*TASK STATEMENT*.
What you return must match the records word for word, except that images are dropped.

*MATERIAL SHOWN*.
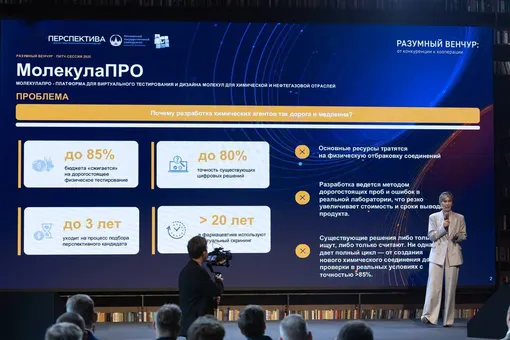 Финалист конкурса, проект «Молекула ПРО»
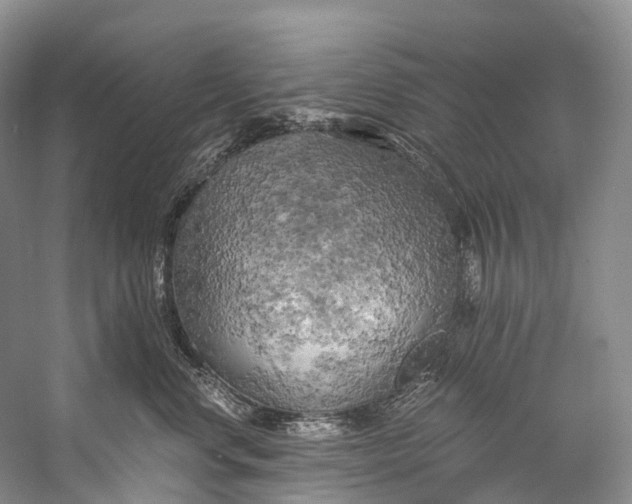 X0000058800668200510171348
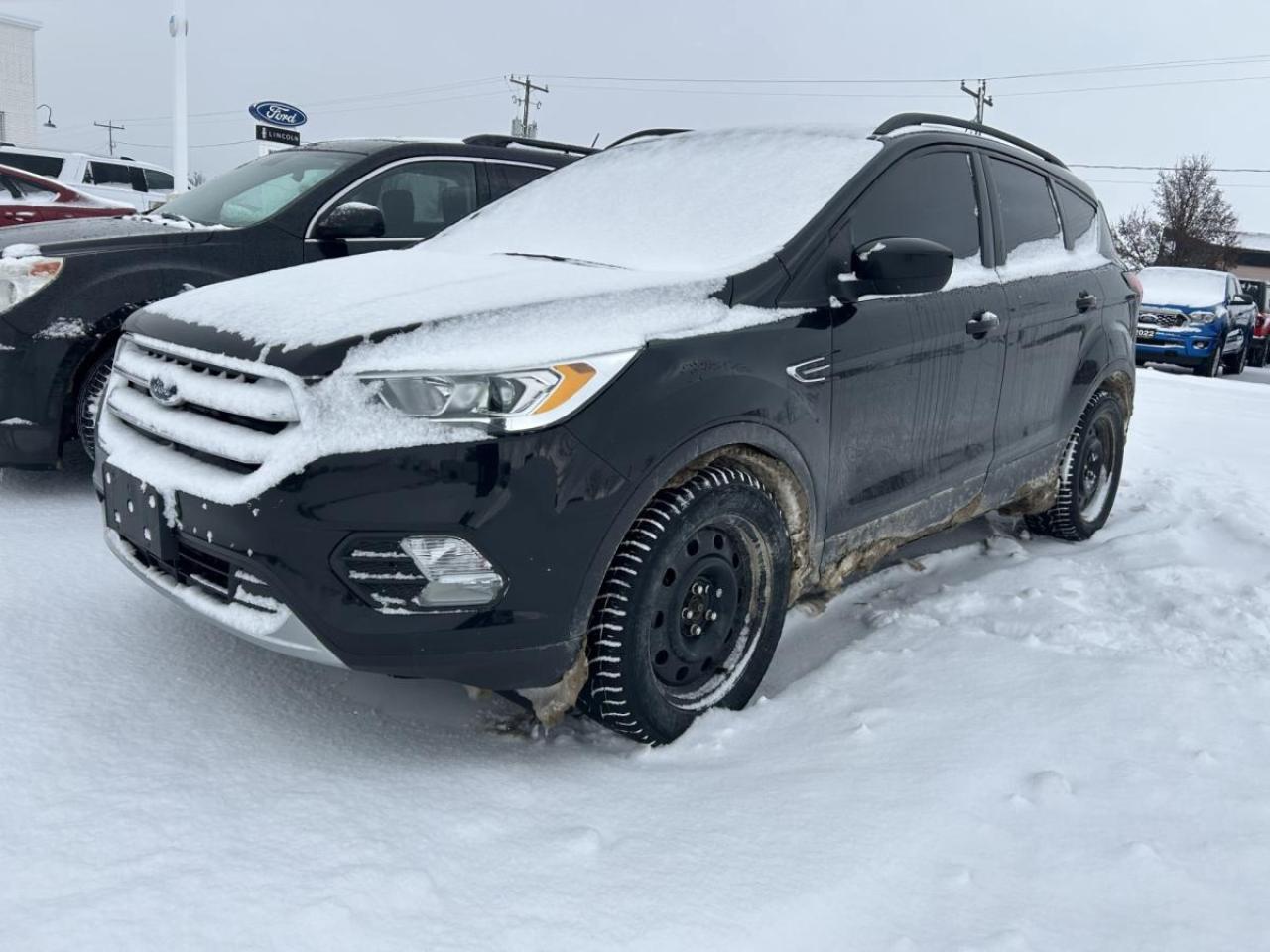 Used 2019 Ford Escape SEL 4WD for sale in Watford, ON
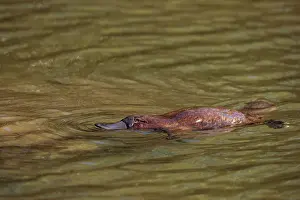 Ripple Prints: Platypus (Ornithorhynchus anatinus) swimming on surface of lake, Tasmania, Australia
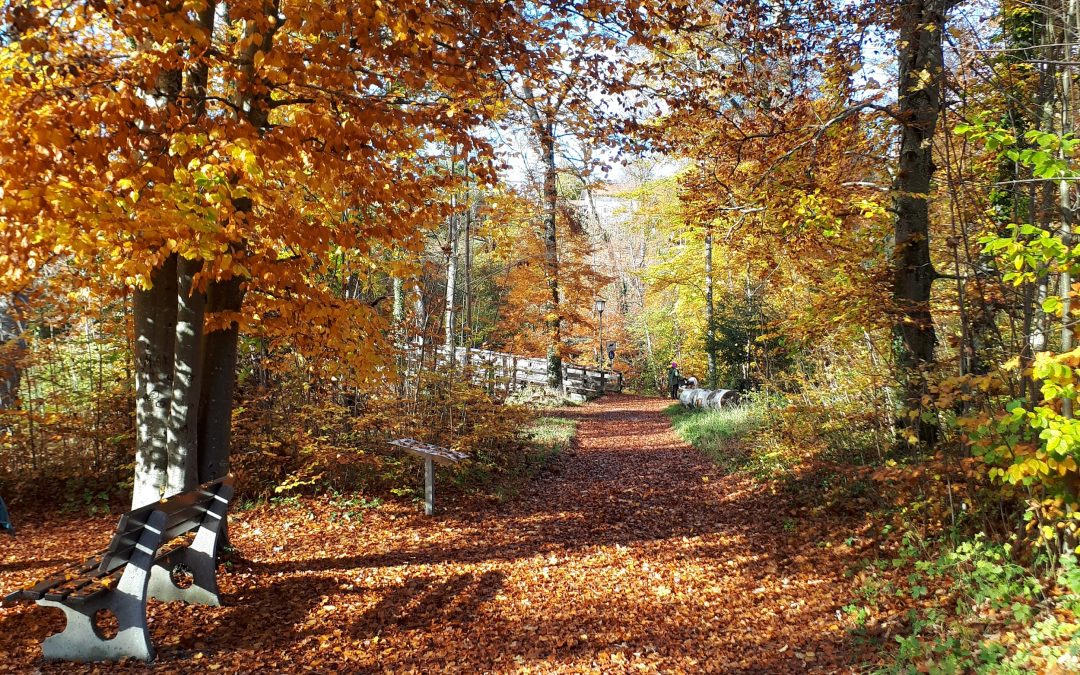 Wildkräuterwanderung im Priener Eichental
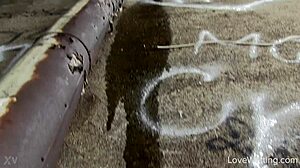 Kitty Pissing Scene Outdoors Publicly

*RESPONSE AREA*.
 Финалист конкурса, проект «Молекула ПРО»
 X0000058800668200510171348
 Used 2019 Ford Escape SEL 4WD for sale in Watford, ON
 Ripple Prints: Platypus (Ornithorhynchus anatinus) swimming on surface of lake, Tasmania, Australia
 Wildkräuterwanderung im Priener Eichental
 Kitty Pissing Scene Outdoors Publicly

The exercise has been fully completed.